New White Paper on GRU Online Operations Puts Spotlight on Pseudo-Think Tanks - iron0013
https://cyber.fsi.stanford.edu/io/news/potemkin-pages-personas-blog
======
vectorEQ
Given the past news about facebook and fake data and users / trust issues
people have with them etc. etc. how seriously and with how much legitimacy can
one take a dataset from them?

further you read this: Analyses Performed: >>> Noting that the data provided
was already attributed to the GRU by Facebook <<< , researchers: • evaluated
the content within the folders (within Pages) • investigated relationships
across folders (between Pages) • evaluated the content, and closely-related
content, as it appeared elsewhere on the internet and on other social
networks, assessing narrative, authorship, and distribution patterns •
evaluated the content against the previously-provided SSCI IRA data set, to
ascertain the extent to which there were thematic, temporal, metadata, or
collateral-based similarities between the operations (this process is ongoing
and will be addressed further in subsequent papers). \----

So, researchers/investigators started their complete methodology based upon
the assumption facebook is/was correct in their attribution, didn't complete
their research, and subsequently went on to write a paper about it.

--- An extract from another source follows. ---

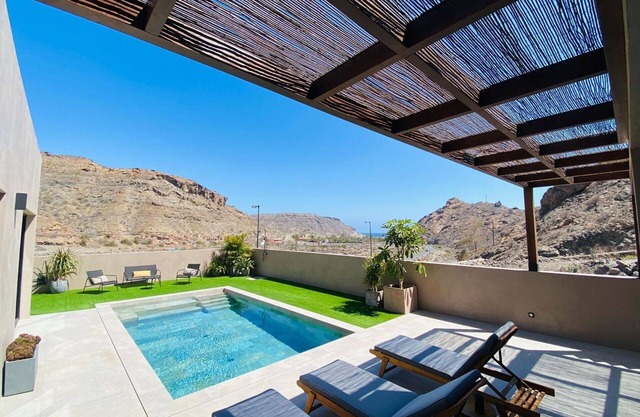 Stunning private villa for 6 guests with private pool, A/C, WIFI, TV and patio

Not saying theres no troll farms / fake news farms and other such practices,
by private and government entities, but every time someone post anyone about
it, the data is worthless, and often important items like how was this
attributed to a specific entity, are completely left out. What is anyone
supposed to take from such a write up?

There's nothing to learn, just to assume from it... - that's practically on
par with what they are writing about...